DIRECTIONS FOR THIS TASK: Start the copy at the line containing "A wooden photo" and run it through the last line of the records. Repeat each line exactly; omit pictures.

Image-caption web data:
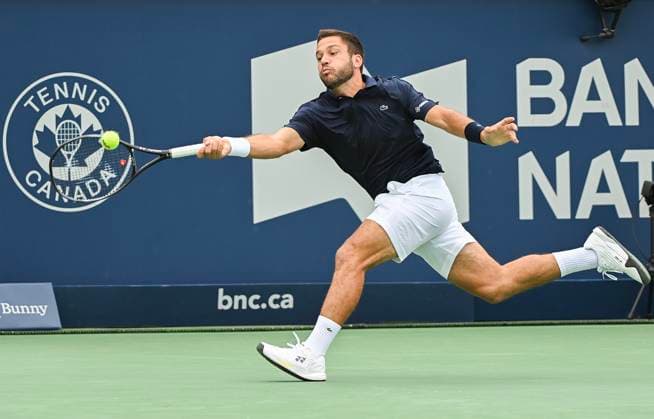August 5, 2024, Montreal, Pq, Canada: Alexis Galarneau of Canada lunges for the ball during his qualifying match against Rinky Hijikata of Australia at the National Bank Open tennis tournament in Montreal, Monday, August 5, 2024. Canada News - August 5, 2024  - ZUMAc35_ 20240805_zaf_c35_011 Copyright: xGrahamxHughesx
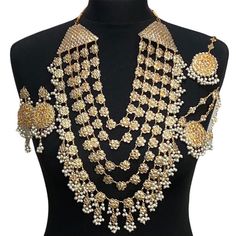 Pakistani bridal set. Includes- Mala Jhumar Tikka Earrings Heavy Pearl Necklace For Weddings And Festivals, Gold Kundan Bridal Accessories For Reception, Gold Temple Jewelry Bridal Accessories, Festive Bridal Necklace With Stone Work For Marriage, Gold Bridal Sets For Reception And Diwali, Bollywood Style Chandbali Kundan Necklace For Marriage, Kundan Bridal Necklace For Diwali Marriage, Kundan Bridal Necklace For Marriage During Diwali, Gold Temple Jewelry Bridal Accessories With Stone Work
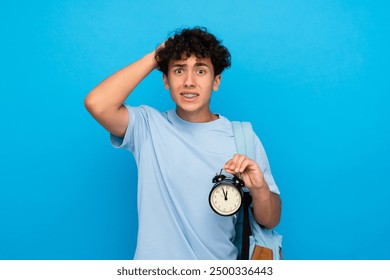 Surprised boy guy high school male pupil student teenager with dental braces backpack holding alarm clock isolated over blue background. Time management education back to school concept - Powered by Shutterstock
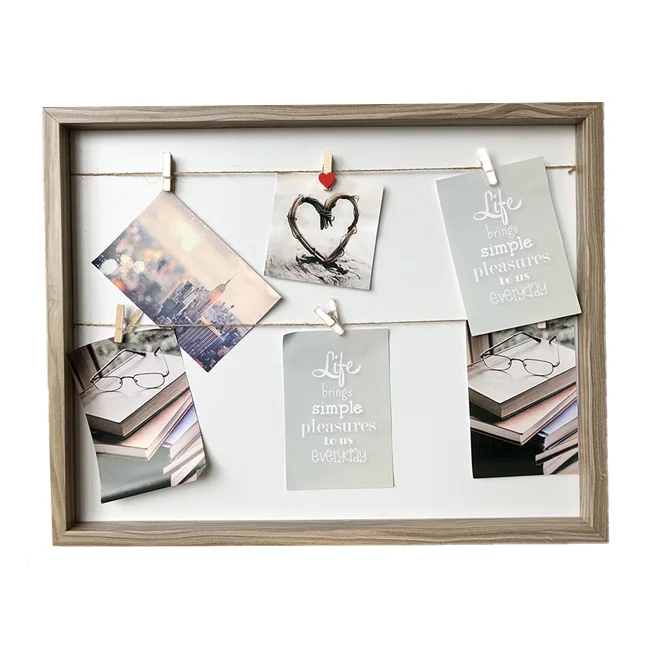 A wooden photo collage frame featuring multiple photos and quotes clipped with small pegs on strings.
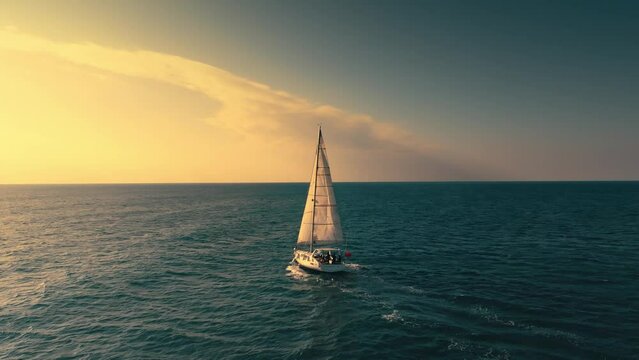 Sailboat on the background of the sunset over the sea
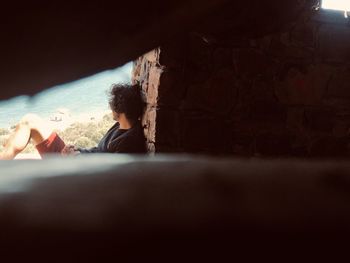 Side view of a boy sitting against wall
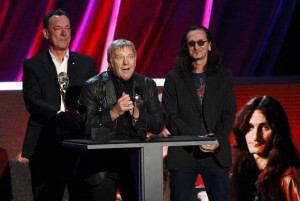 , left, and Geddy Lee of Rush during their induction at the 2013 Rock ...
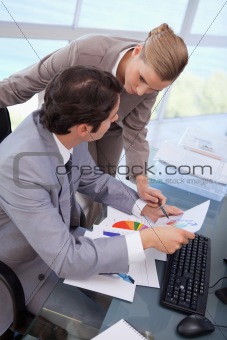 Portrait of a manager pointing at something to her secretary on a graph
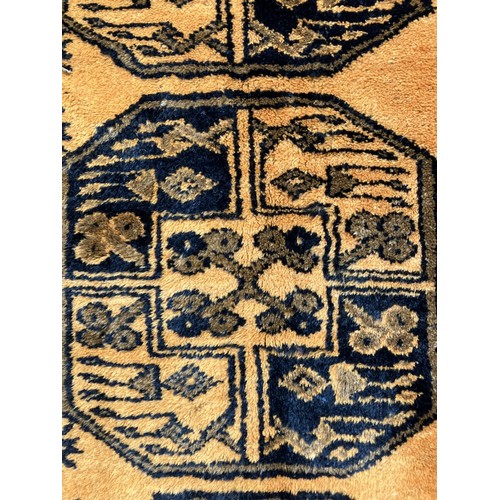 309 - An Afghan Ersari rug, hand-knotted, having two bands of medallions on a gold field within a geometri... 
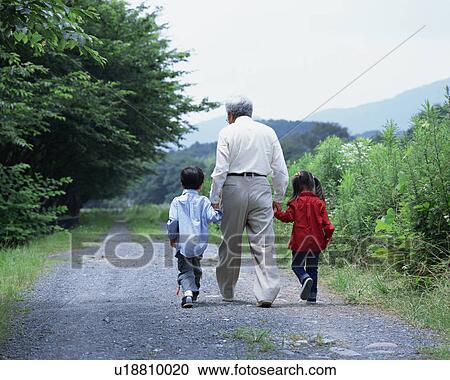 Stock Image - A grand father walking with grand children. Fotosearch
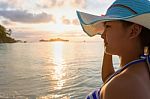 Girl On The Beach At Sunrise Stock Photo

COMPLETED TASK:
 A wooden photo collage frame featuring multiple photos and quotes clipped with small pegs on strings.
 Sailboat on the background of the sunset over the sea
 Side view of a boy sitting against wall
 , left, and Geddy Lee of Rush during their induction at the 2013 Rock ...
 Portrait of a manager pointing at something to her secretary on a graph
 309 - An Afghan Ersari rug, hand-knotted, having two bands of medallions on a gold field within a geometri... 
 Stock Image - A grand father walking with grand children. Fotosearch
 Girl On The Beach At Sunrise Stock Photo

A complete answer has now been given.